Reading Time: 3 minutes

I have tried. I really have. But no matter how many times I have attempted to read a James Patterson novel I just didn’t have the will to finish it. I think it’s something to do with the endless number of chapters, each one no more than one or two pages long; I suspect that the author is worried that the reader might lose interest or get distracted by wanting to do something else like watching paint dry. So, to have some fun I tried an experiment; I rearranged the 1,000-odd chapters in one of his books into a random sequence (I admit that took a while) and then started to read the book again. The interesting thing is that this had no effect on the plot. I even started reading the book at chapter 1,023 and it didn’t seem to matter that the previous chapters had been skipped.

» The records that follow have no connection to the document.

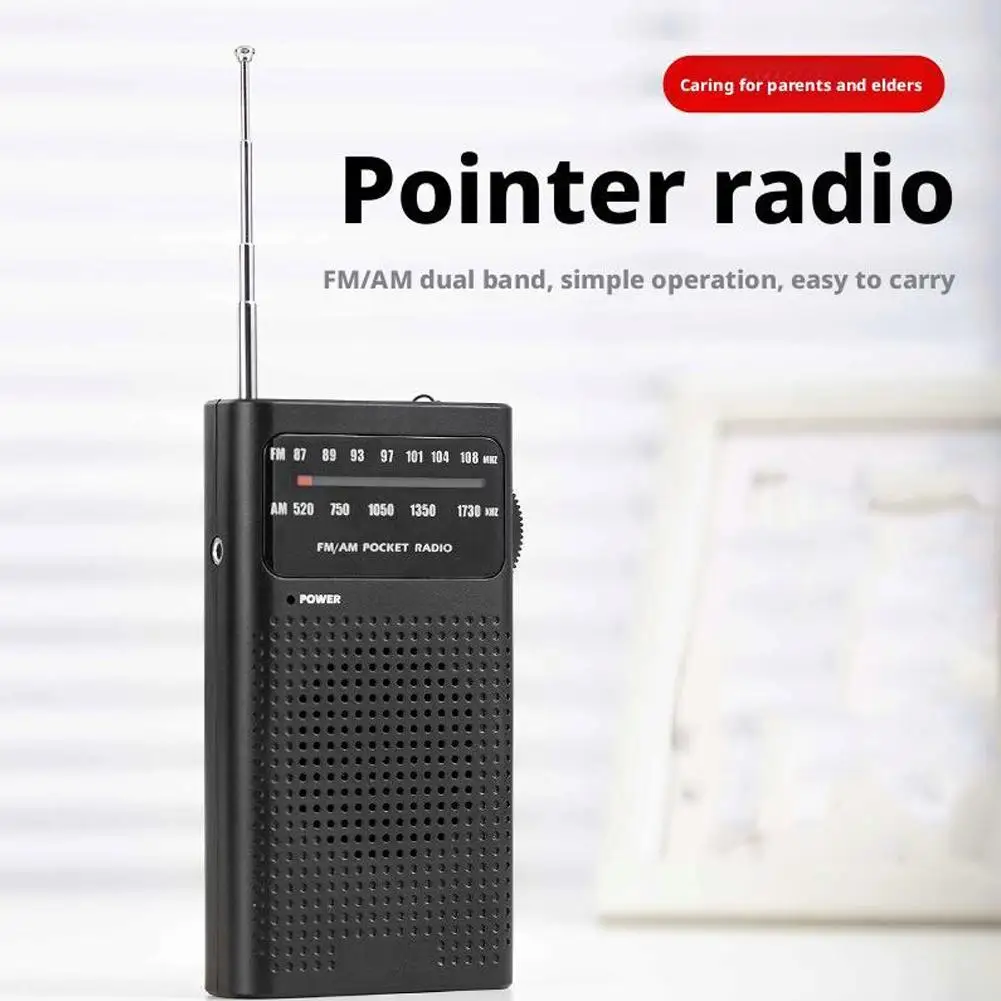 

Portable Pointer Radio Full Band AM FM Radio Battery Best Powered Emergency Reception Pocket News Weather Radio B5X2
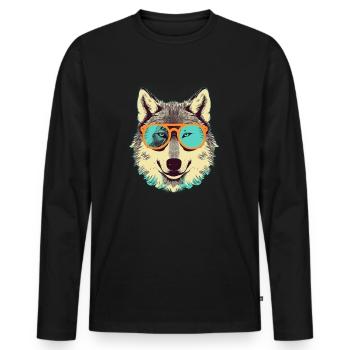 Grauer Wolf im Retro-Sonnenbrillenrahmen Wolves Graphic - Männer Premium Bio Langarmshirt - Schwarz - Vorne - Nico (187cm)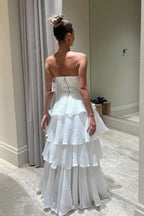 Elegant A Line Long White Tiered Formal Prom Dresses 21Th Birthday Outfits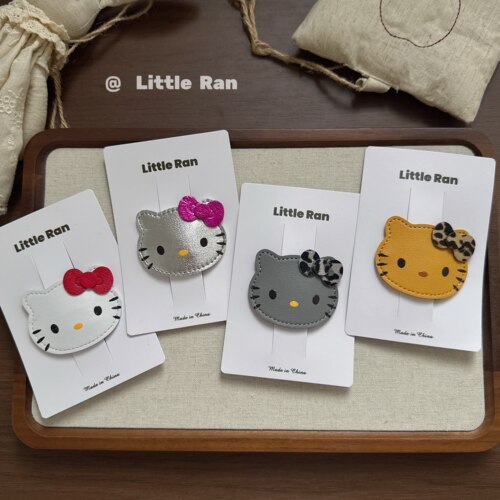Little Ran 不锈钢可爱卡通KT猫发夹女童猫咪头饰发卡侧边夹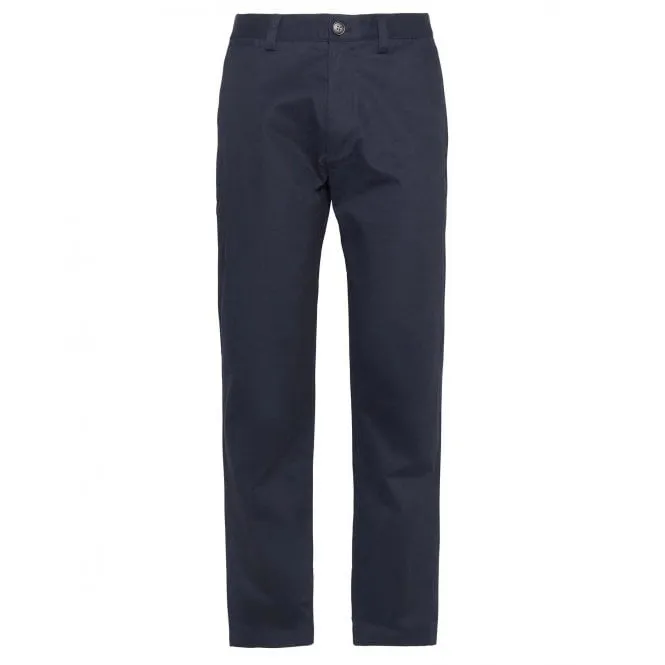 Barbour Mens Suede Sateen Tailored Fit Trouser in Dark Navy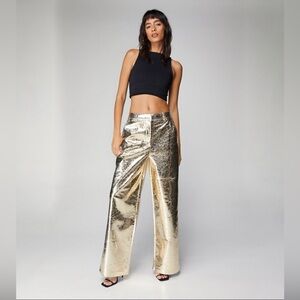 Nasty Gal Metallic Crackle Pants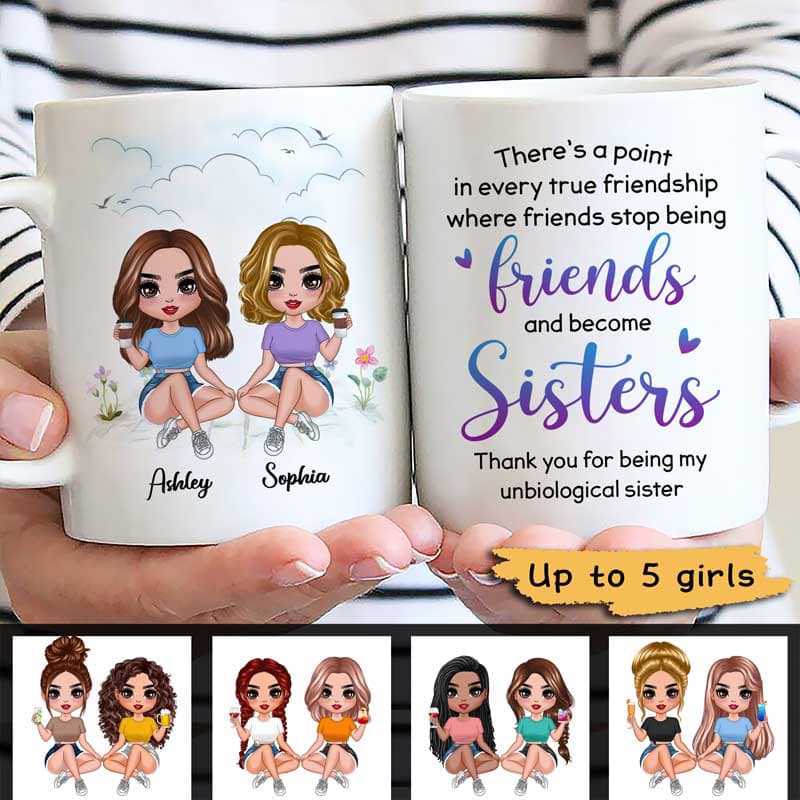 Doll Girls Besties Sisters Sitting Standing Personalized Mug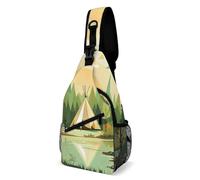 FZMVSQH Sac à bandoulière Teepee avec blocage RFID - Sac à dos à bandoulière décontracté imperméable - Sac à dos de randonnée léger pour homme et femme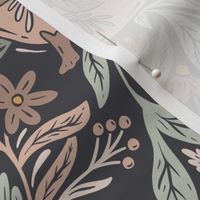 Bathtub full of flowers - floral - cream blush, blush pink, sage green on dark navy - medium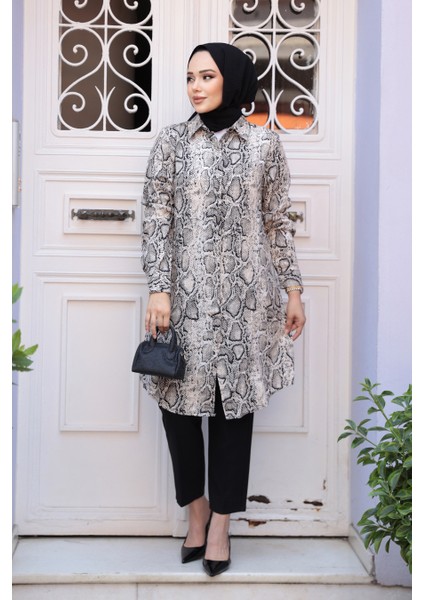 Leopar Desenli Tesettür Viskon Tunik 11529LP modelleri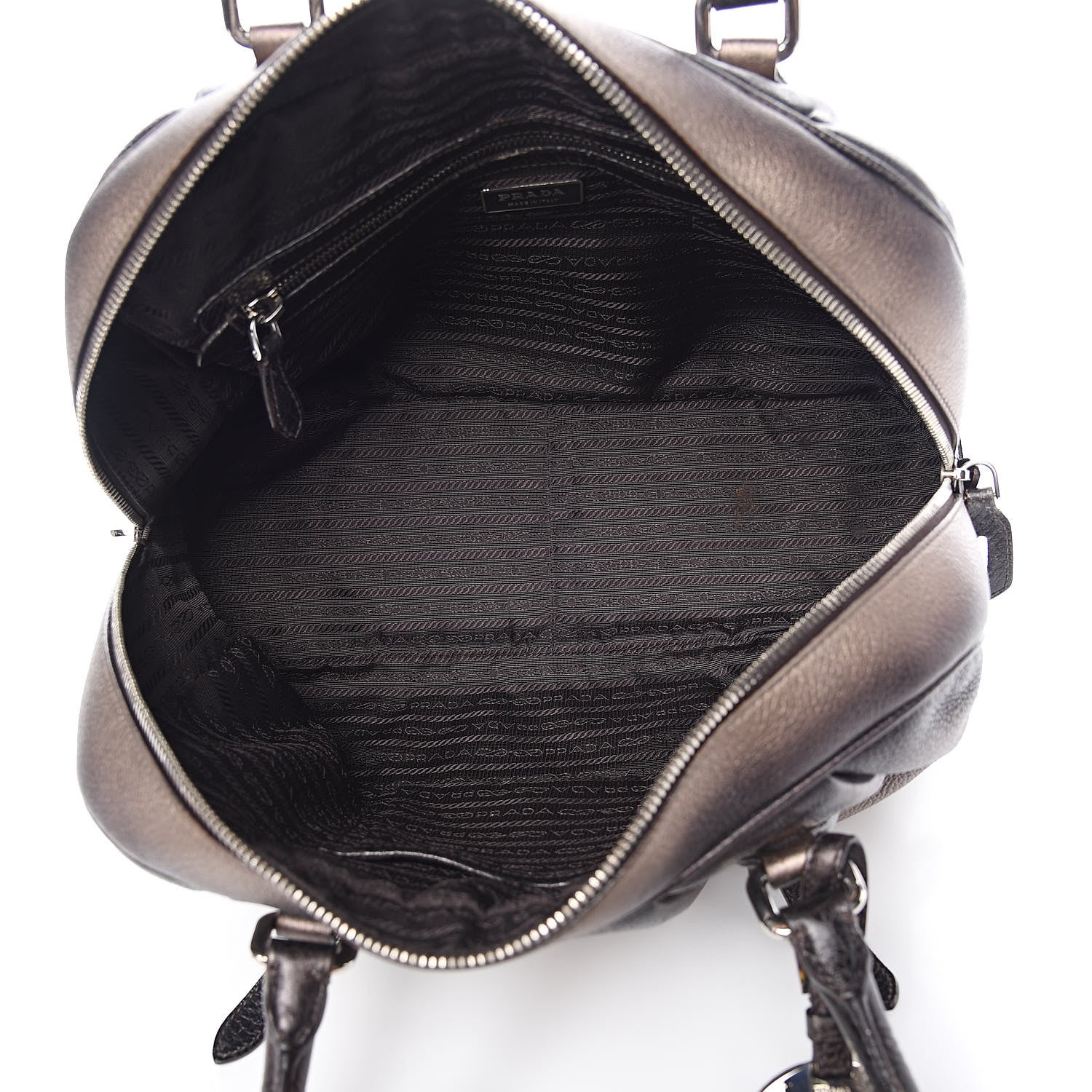 Prada Vitello Daino Antik Bauletto Tote Piombo 5 of 12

So I began to wonder if you could do the same thing with a business – just start anywhere and it should all make sense. Well, imagine it’s your first day at a new company; new faces, new office (you hope) and a new job. You really have no idea what the company does or how it works (despite having said otherwise in your interview). As you arrive at reception you are pointed towards the dispatching office (am I to be fired already?) and asked to start packaging some goodies (or did the receptionist say ‘goods’?). Now you’re really lost. Why doesn’t someone just tell you the sequence of things that you have to do? Well, it turns out that the only person who knows how the dispatching system works is not around any longer (not something terminal; he just isn’t there). Now you’re in real trouble because the boss wants to meet you to ask how your first day has gone, and you really want to tell the truth; that it’s not totally your fault…

Unlike a James Patterson book a business is a little more complex. You cannot just hope that a new person would understand how your business works … unless you document it. If you put some effort into documenting all your business processes (and it is indeed effort) then you have a blueprint for how your company is structured – everyone calls this business process modeling. Once you have this in place you can think of implementing a workflow system to control those obdurate* processes. There are some very good software tools out there that will help you model your business and look after your processes – they will pay for themselves in no time, I would have thought. In fact, SYSPRO has its own process modeling tool that will do exactly what you need – should that be a surprise?

And if you think that this sort of stuff is only for the larger enterprise, well perhaps you’re right – that’s probably how they became larger in the first place. So, no matter what size your business is, you should seriously consider investigating business process management for your company.

By the way, you may now think that I spend my leisure time rearranging chapters of books; the answer’s no, I don’t.

* Lovely word, obdurate. An alternative might be pig-headed, or mulish.